Statuto

In it, statuto

ART. 1 E’ costituita un’associazione culturale denominata ACCADEMIA MUSICALE VENETA.

La durata di detta Associazione e’ stabilita fino al 2030.
L’Associazione e’ senza scopo di lucro, ed e’ regolata a norma dell’articolo 36 e seguenti del codice civile, nonche’ del presente Statuto.

ART. 2 L’Associazione e’ indipendente, apartitica, aconfessionale persegue i seguenti scopi:

  • diffondere la cultura musicale
  • ampliare la conoscenza della cultura musicale, letterario ed artistica in genere, attraverso contatti fra persone, enti ed associazioni
  • allargare gli orizzonti didattici di educatori, insegnanti ed operatori sociali, in campo musicale affinche’ sappiano trasmettere l’amore per la cultura musicale ed artistica come un bene per la persona ed un valore sociale
  • proporsi come luogo di incontro e di aggregazione nel nome di interessi culturali assolvendo alla funzione sociale di maturazione e crescita umana e civile attraverso l’ideale dell’educazione musicale

ART. 3 L’Associazione ha sede in Verona, Via Trezzolano n. 5/A

ART. 4 L’Associazione per il raggiungimento dei suoi fini, intende promuovere varie attività ed in particolare:

  • attivita’ culturali: esecuzioni musicali, concerti, lezioni – concerti, convegni, conferenze, dibattiti, seminari, proiezioni di films e documentari, corsi di musica per bambini e ragazzi, per giovani ed adulti, applicazioni di arteterapia
  • attivita’ di formazione: corsi di aggiornamento teorico/pratici per educatori, insegnanti, operatori sociali, corsi di perfezionamento in arteterapia, istituzioni di gruppi di studio e di ricerca

L’Associazione puo’ operare sia nel territorio nazionale sia all’estero, promuovendo l’organizzazione o la partecipazione ad incontri musicali con istituzioni simili e potra’ assumere o ingaggiare artisti, conferenzieri, esperti o altro personale specializzato estraneo all’Associazione.

ART. 5 L’Associazione e’ aperta a tutti coloro che, interessati alla realizzazione delle finalita’ istituzionali, ne condividono lo spirito e gli ideali.
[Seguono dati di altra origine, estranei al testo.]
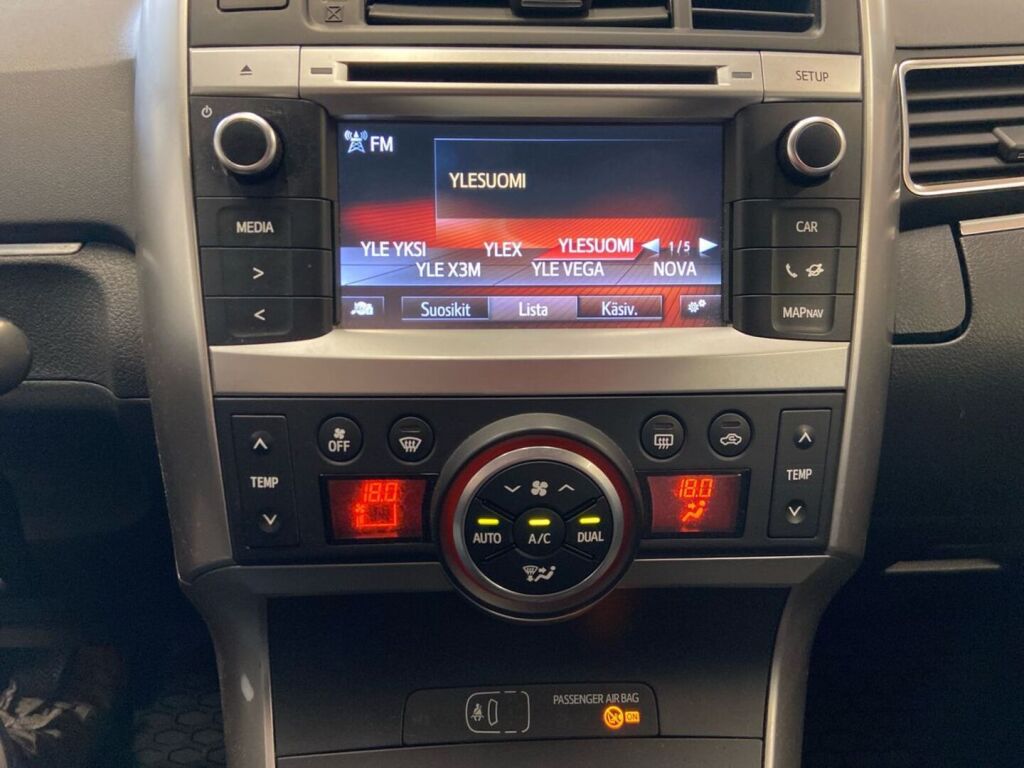 Toyota Verso 2014 Punainen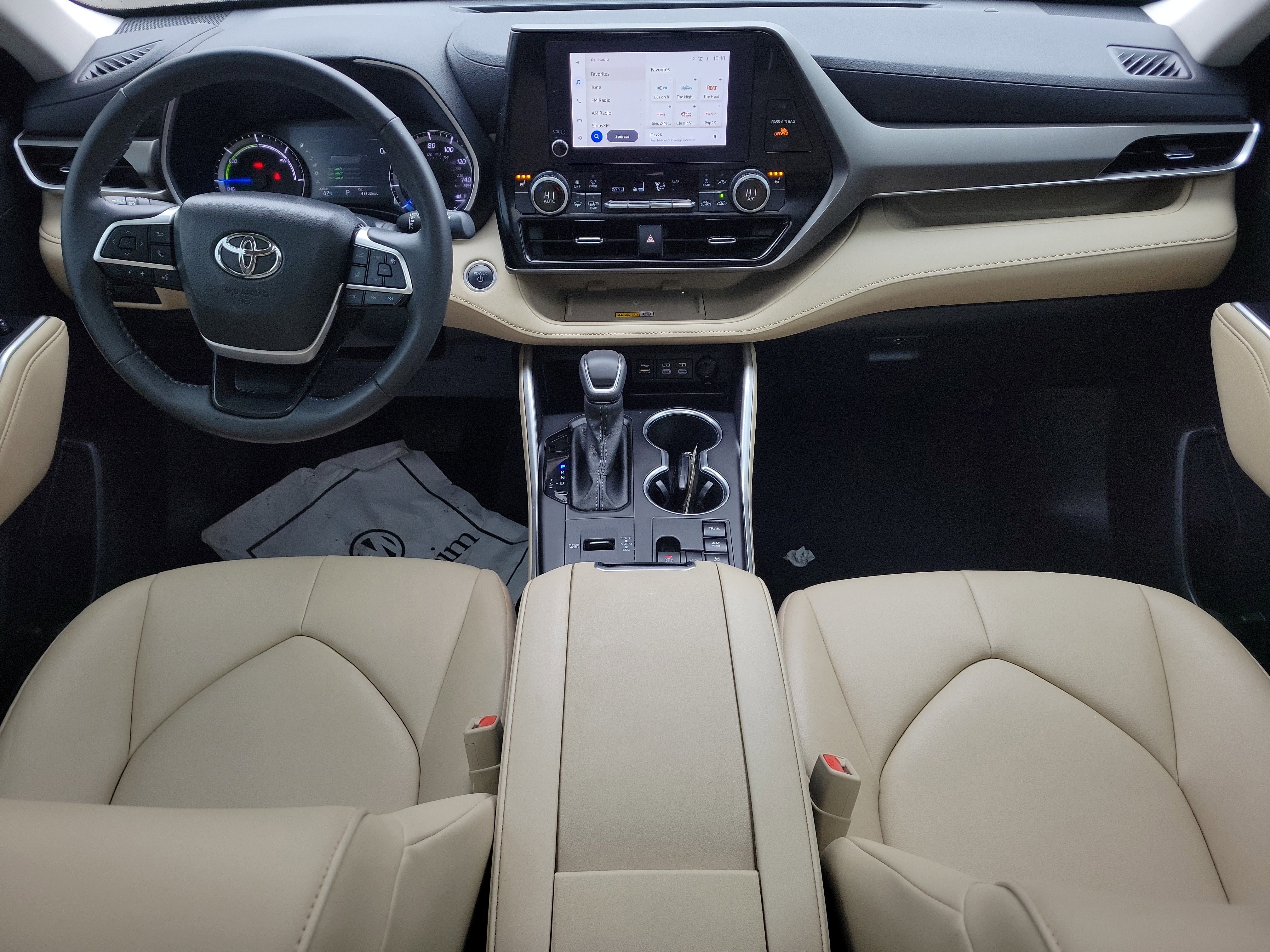 Used 2024 Toyota Highlander XLE image 15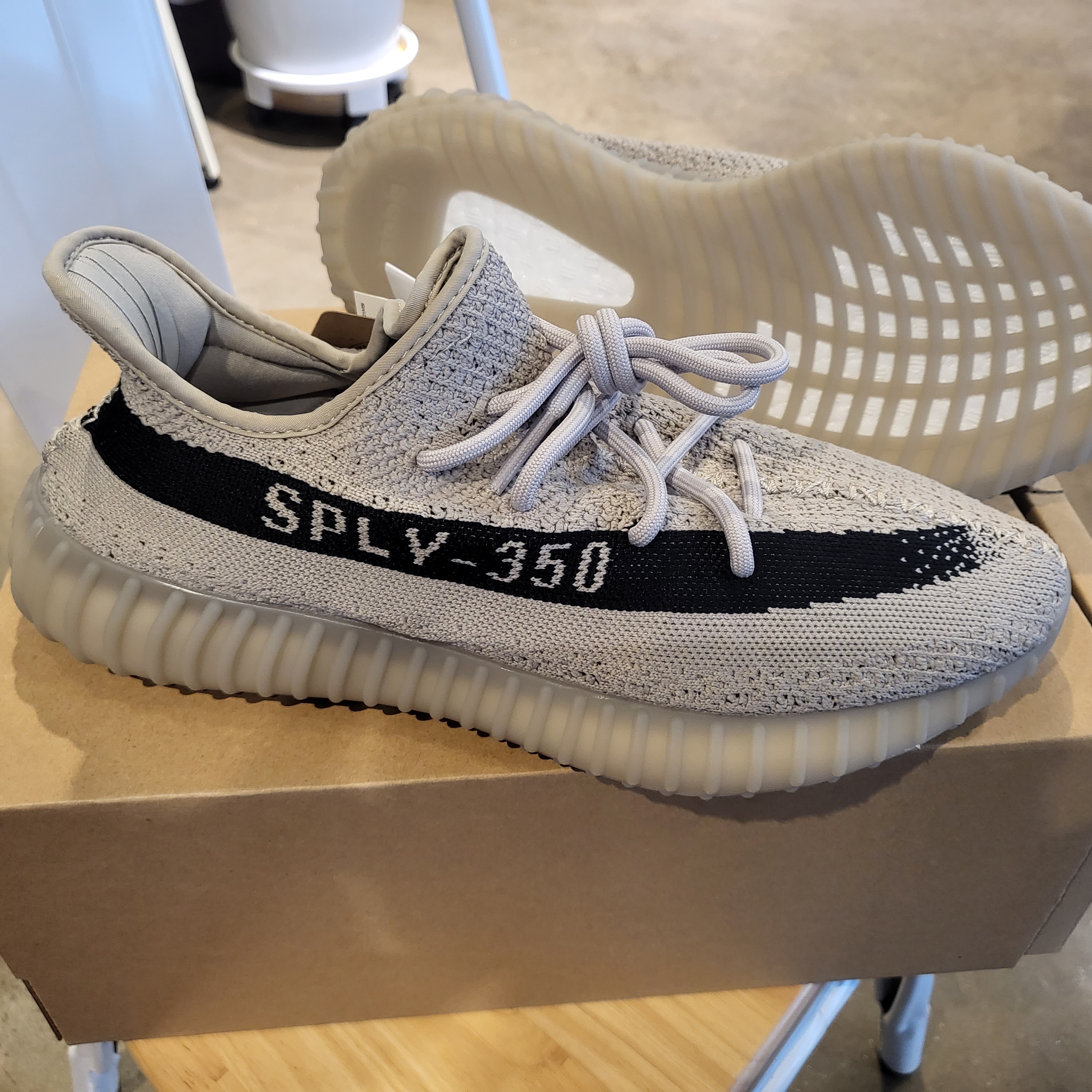 Adidas Yeezy Boost 350 V2 Slate Core Black 2022/2023 착용 스타일 - 3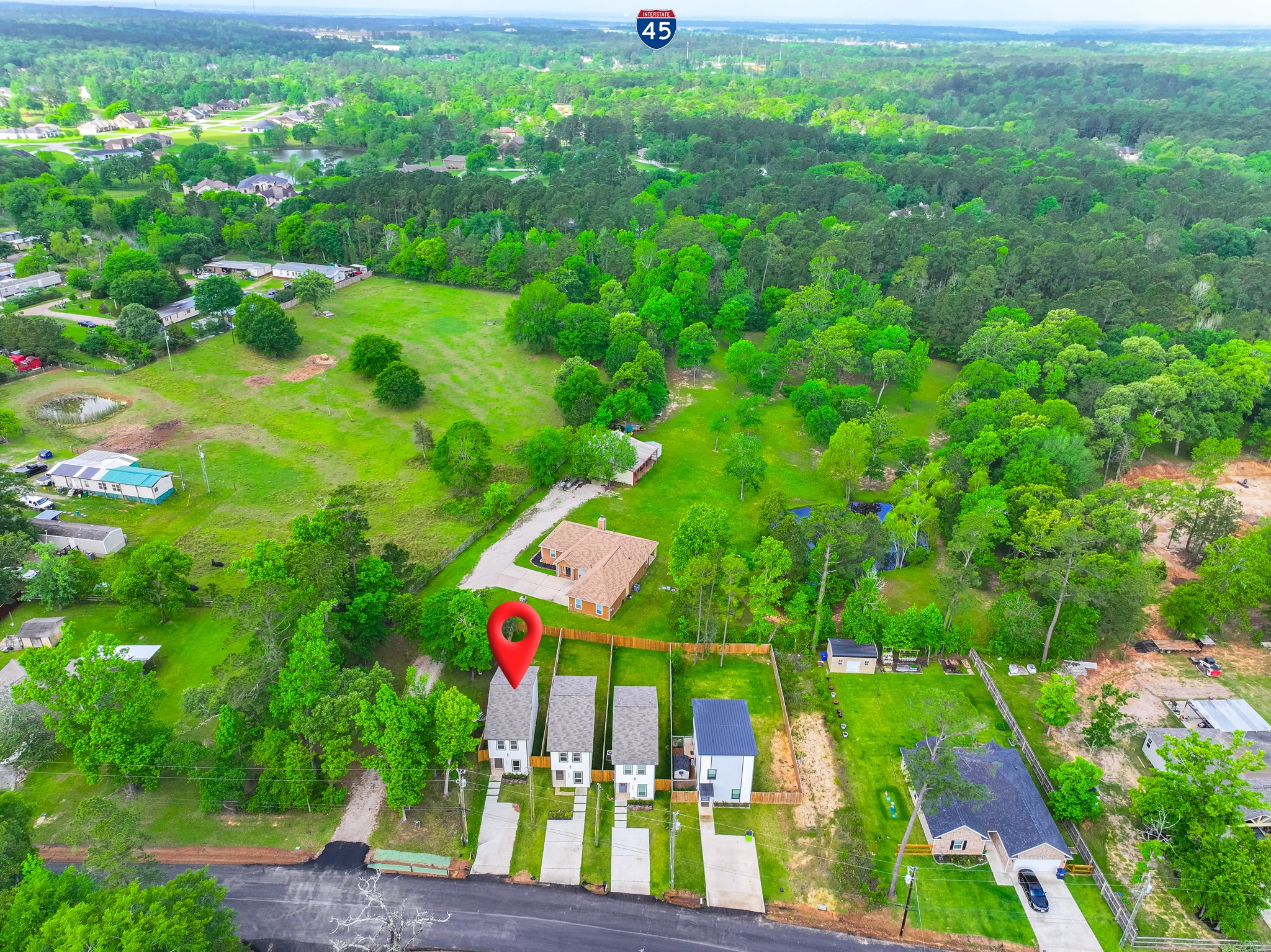 15301 Coaltown Road Willis, TX 77378 - Photo 5 of 22
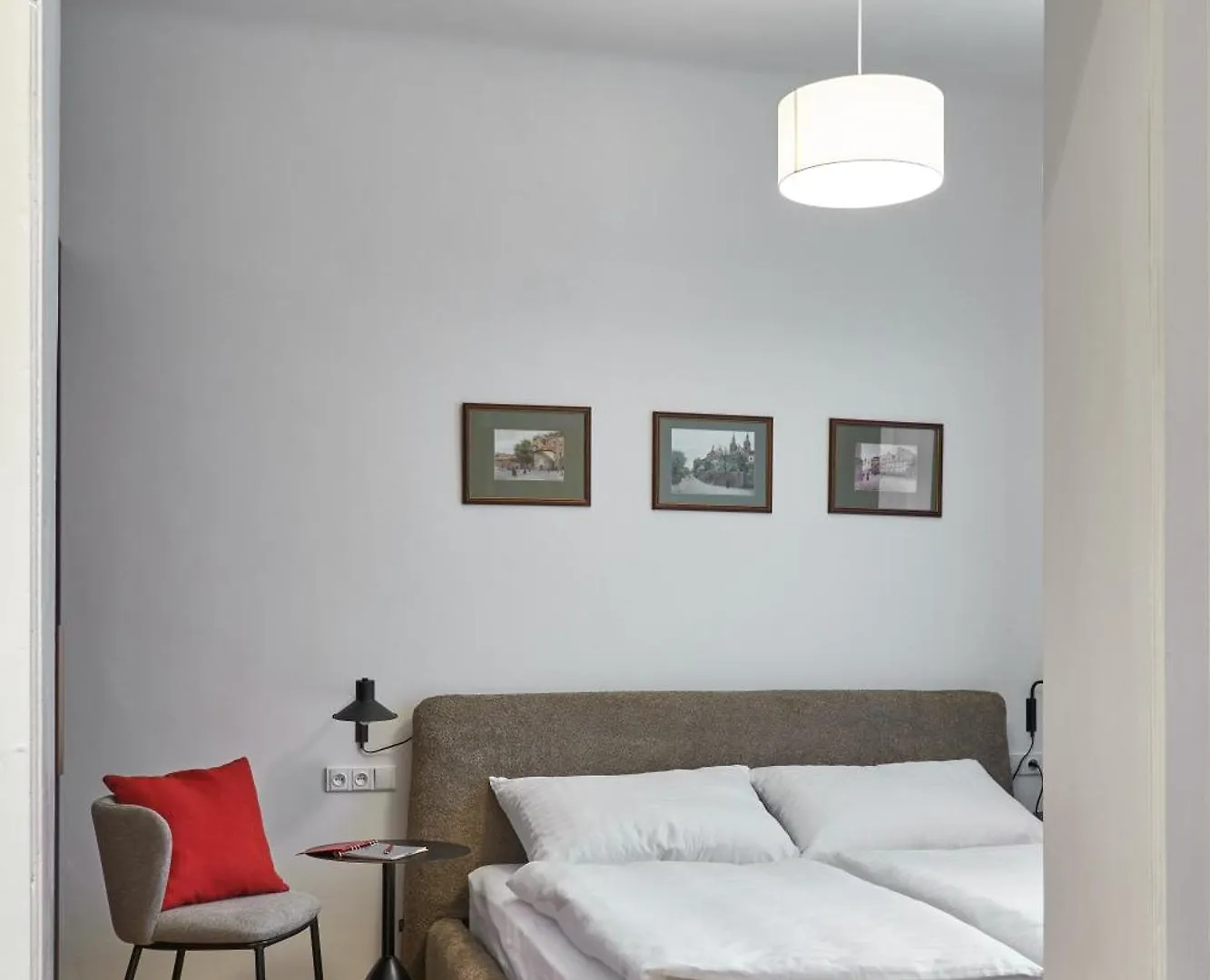 Aparthotel Three Golden Crowns Apartments
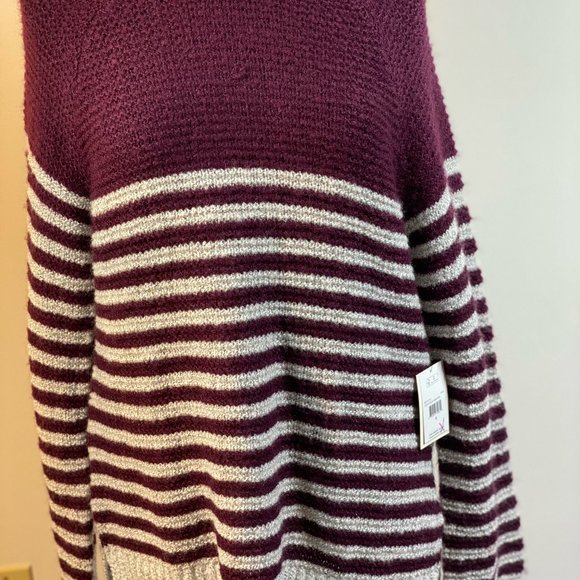 Volcom Sweater - Picture 6 of 8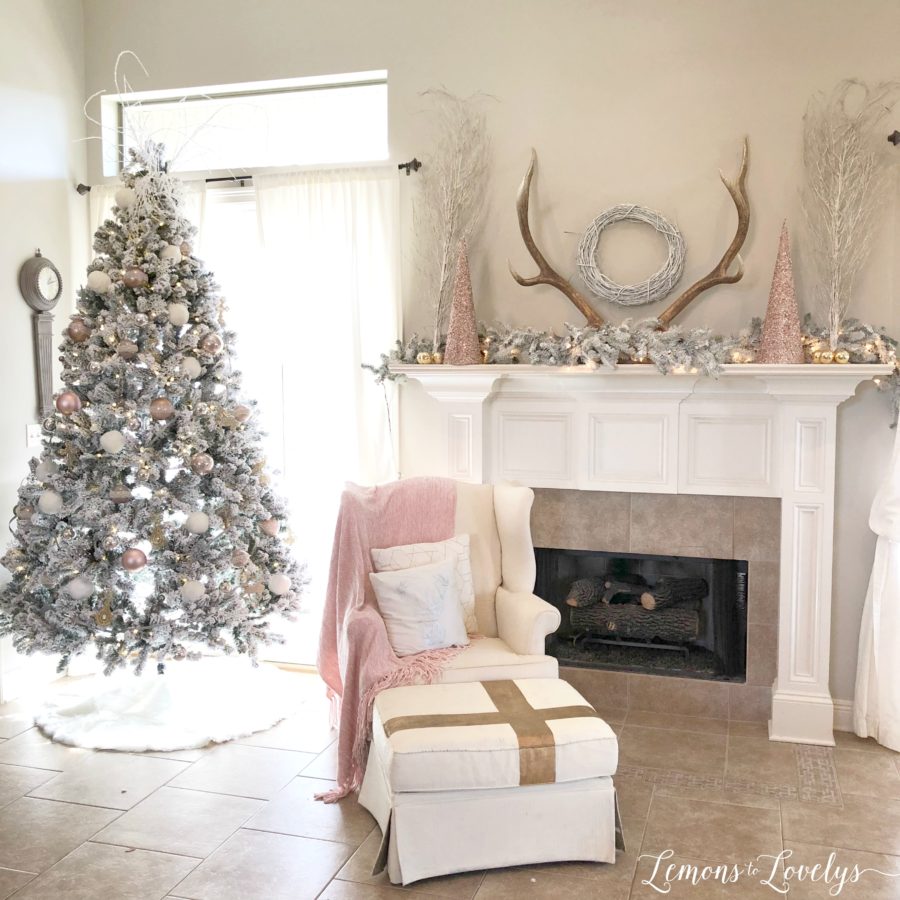 Christmas Decorating. More on the blog. www.lemonstolovelys.com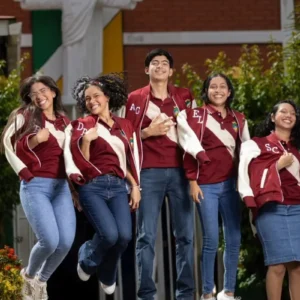 PR06: Chaqueta de Especial con Forro con Zipper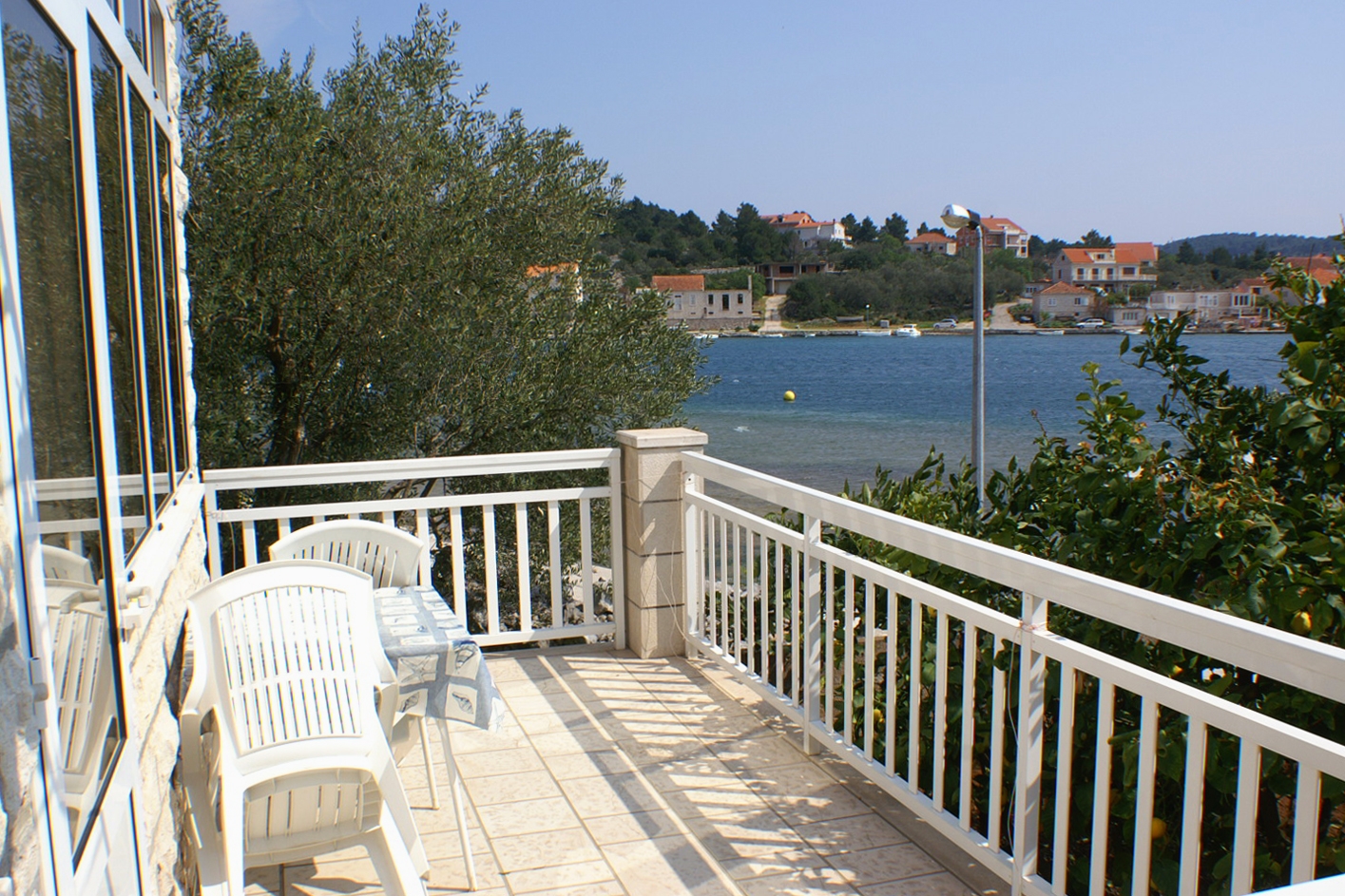 One bedroom apartment near beach Lumbarda, Korčula (A-4401-b)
Gli Associati si dividono nelle seguenti categorie:

  • Associati ordinari: persone, o enti che si impegnano a pagare, per tutta la permanenza del vincolo associativo, la quota annuale stabilita dal Consiglio direttivo
  • Associati onorari: persone, o enti o istituzioni che abbiamo contribuito in maniera determinante, con la loro opera od il loro sostegno ideale ovvero economico al funzionamento dell’associazione. Gli associati onorari non fanno parte dell’assemblea, non hanno diritto di voto e non sono eleggibili alle cariche sociali. Sono, inoltre, esonerati dal versamento delle quote annuali.

Le quote o il contributo associativo non sono trasmissibili ad eccezione dei trasferimenti a causa di morte e non sono soggetti a rivalutazione.

ART. 6 L’ammissione degli Associati ordinari e’ deliberata dal Presidente su domanda scritta del richiedente, l’ammissione degli Associati onorari e’ deliberata dall’Assemblea riunita in forma ordinaria.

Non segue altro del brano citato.